Saturday, August 3, 2019

Shrimp/Scallops with Goat Cheese


Blue Goat Dairy at Davidson Market

We buy some wonderful goat cheese at a stand called the Blue Goat Dairy at the Davidson Farm Market.  The young lady there gave me some recipes she uses with some of her goat cheese flavors—we buy garlic and chives, but she has many flavors.  Here is one of several recipes she uses with a couple of her goat cheese medleys.

Samba Scallops over Pasta
1 pound large fresh scallops
2 TBL butter
½ TSP minced garlic
1 pound Farfalle or bowtie pasta
½ pint jar of Blue Goat Dairy Samba (goat cheese medley with capers and sundried tomatoes

To cook:
1. Melt butter in saute’ pan over medium heat, add garlic and mix well with butter. 
2. Add scallops into garlic butter and brown each side.

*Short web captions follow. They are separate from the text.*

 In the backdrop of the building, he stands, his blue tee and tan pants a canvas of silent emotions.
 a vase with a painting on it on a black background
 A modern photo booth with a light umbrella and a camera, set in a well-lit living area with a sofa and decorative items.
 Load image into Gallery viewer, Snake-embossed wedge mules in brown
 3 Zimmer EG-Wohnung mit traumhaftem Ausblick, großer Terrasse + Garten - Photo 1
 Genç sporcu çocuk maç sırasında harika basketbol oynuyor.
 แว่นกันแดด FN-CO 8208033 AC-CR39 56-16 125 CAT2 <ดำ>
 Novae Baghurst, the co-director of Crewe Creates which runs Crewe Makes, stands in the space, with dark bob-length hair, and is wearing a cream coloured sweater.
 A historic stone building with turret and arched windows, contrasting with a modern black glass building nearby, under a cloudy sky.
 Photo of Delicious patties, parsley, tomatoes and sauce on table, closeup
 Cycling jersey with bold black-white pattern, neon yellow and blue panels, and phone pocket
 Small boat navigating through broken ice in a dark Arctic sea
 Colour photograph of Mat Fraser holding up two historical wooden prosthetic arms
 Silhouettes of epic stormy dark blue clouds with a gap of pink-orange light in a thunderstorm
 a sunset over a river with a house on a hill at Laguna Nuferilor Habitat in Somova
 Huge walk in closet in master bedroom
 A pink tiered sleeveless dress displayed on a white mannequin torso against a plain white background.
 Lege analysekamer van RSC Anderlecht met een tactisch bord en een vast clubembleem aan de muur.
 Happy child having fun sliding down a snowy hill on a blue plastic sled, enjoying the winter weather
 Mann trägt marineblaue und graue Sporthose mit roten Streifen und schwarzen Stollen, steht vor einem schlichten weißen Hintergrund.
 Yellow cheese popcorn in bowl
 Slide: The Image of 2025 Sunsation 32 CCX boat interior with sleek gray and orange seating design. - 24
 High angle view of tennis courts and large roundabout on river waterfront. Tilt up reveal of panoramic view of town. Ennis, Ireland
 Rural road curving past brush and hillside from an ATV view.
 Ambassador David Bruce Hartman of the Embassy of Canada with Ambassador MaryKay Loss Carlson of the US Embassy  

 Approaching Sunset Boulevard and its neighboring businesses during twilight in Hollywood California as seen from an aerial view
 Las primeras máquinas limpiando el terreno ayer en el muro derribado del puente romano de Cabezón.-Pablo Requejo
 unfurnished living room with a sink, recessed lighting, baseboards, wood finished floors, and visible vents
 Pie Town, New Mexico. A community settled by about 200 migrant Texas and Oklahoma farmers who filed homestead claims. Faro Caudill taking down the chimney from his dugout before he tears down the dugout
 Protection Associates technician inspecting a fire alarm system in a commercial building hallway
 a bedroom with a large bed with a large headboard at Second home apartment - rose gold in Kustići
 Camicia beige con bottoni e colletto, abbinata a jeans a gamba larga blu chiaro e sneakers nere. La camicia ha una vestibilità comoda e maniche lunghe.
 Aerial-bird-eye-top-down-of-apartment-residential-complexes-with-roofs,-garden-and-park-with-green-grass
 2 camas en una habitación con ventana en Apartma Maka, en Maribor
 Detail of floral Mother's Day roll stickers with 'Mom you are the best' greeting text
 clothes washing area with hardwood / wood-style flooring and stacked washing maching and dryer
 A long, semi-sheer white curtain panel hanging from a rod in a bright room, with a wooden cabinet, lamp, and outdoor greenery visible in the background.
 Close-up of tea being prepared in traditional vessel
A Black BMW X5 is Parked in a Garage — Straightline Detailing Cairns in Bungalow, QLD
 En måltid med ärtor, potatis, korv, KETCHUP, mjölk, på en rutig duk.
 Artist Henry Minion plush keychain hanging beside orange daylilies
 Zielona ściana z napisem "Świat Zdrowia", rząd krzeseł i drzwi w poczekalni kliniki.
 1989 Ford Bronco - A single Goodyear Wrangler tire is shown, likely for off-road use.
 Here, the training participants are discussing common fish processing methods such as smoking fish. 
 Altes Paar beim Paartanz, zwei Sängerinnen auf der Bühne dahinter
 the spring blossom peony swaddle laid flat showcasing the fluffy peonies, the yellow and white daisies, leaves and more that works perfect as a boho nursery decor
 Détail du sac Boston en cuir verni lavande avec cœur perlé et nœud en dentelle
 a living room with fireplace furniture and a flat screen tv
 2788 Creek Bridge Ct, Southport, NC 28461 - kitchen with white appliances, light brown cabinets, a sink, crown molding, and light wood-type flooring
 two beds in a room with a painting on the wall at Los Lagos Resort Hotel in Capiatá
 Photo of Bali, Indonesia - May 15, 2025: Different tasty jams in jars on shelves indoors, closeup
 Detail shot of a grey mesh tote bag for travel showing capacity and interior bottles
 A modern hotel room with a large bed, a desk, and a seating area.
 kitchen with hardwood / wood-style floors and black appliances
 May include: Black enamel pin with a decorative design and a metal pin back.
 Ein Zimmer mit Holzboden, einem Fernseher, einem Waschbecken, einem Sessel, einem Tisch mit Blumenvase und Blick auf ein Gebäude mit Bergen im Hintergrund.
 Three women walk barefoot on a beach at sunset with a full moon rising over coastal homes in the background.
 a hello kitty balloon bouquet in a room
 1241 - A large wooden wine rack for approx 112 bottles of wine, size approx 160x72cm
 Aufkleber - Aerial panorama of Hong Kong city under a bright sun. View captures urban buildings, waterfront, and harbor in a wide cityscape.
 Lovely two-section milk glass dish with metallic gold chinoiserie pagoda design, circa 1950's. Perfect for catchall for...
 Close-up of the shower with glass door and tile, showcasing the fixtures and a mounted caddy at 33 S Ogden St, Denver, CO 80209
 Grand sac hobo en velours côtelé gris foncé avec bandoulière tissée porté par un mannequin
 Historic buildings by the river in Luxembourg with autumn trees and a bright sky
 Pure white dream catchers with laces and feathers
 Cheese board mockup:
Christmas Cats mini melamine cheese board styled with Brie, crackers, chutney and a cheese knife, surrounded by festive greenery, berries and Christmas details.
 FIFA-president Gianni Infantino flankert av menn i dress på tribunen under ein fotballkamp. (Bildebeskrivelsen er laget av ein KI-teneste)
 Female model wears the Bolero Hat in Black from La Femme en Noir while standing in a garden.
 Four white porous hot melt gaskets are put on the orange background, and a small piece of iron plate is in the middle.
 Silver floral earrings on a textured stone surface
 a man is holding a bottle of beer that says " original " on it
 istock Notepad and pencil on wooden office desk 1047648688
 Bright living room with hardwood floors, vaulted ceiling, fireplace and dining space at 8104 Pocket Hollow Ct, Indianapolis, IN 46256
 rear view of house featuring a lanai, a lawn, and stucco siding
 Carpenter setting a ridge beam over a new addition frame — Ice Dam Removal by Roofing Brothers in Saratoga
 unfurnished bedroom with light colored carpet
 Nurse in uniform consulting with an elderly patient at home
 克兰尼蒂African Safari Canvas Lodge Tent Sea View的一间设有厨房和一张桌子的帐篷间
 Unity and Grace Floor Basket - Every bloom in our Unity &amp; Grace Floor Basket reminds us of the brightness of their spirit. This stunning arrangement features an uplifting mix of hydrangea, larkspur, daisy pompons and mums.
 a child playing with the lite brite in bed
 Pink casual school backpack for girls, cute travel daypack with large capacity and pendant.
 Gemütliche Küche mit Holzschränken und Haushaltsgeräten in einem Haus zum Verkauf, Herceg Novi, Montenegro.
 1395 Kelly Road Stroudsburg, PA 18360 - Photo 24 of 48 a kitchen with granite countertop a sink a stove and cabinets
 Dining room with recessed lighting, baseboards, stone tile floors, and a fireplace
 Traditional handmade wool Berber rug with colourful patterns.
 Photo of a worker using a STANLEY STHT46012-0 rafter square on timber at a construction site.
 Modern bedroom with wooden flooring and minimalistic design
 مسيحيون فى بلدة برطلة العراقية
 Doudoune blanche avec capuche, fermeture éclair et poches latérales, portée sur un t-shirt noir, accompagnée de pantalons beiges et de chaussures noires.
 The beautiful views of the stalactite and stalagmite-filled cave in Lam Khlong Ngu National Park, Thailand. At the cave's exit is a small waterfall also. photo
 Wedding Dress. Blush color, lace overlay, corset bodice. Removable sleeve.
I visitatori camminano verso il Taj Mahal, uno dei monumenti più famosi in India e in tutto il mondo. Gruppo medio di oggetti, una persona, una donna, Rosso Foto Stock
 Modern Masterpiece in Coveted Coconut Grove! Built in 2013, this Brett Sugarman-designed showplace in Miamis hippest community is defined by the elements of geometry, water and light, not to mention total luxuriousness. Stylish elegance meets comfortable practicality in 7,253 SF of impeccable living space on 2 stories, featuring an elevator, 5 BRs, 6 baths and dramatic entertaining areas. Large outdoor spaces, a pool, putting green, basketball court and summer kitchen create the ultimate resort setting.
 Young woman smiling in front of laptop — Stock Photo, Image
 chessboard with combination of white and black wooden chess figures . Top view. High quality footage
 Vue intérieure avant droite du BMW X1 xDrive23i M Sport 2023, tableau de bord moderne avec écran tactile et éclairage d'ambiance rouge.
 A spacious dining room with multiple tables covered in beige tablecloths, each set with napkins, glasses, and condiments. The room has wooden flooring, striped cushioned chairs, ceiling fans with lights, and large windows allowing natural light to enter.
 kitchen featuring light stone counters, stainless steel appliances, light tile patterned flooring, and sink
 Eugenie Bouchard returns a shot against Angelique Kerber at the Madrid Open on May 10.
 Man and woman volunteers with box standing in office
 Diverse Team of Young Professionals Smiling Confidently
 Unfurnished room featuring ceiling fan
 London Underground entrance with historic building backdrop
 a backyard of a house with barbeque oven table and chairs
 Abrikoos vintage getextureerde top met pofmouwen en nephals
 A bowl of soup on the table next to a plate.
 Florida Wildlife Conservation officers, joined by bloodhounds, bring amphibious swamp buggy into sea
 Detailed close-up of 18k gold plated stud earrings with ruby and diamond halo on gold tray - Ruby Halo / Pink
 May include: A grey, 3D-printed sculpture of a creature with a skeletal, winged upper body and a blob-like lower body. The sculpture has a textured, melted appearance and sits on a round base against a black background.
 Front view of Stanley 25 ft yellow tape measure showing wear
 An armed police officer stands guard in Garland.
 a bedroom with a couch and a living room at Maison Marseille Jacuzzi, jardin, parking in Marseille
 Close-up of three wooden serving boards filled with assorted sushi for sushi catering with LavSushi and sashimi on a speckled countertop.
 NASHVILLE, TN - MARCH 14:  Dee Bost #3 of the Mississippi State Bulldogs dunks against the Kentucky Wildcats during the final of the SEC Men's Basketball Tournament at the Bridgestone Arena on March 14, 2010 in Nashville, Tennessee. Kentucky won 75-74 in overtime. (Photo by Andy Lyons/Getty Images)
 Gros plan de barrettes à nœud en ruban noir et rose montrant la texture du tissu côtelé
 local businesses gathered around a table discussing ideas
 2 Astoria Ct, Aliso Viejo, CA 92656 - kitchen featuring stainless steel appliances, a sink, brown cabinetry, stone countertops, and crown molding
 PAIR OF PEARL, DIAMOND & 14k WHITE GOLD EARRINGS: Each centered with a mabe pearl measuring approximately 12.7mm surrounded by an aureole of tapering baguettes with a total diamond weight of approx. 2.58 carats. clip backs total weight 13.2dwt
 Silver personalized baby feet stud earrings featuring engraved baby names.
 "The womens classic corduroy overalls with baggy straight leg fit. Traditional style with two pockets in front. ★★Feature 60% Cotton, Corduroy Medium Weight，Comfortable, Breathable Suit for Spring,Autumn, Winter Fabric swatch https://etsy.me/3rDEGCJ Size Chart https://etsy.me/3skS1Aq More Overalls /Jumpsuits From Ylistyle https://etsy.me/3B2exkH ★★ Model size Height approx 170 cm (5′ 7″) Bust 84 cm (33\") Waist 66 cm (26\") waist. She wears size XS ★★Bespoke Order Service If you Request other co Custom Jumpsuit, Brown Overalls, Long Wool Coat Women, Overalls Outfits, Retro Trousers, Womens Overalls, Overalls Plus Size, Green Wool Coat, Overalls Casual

Appearance should be white (not translucent) with a golden light brown finish on both sides. 
3. Add ¼ cup of Samba and stir gently together for one minute, turning scallops once.
4. Cook pasta until tender yet firm, drain and immediately add ¼ to ½ cup of Samba to pasta in pot stirring pasta until well coated.
5. Dish pasta into bowls and top with scallops dotted with sauce. Serve hot.

Variation on a theme:
Using the above recipe, substitute shrimp for the scallops. Prepare everything the same way, but add Tango goat cheese medley (Tango is made with goat cheese, pesto, garlic peppers, and olives).

This dish can be served with a spinach salad, topped with micro greens, toasted pine nuts, balsamic oil dressing and Blue Goat plain salad crumbles.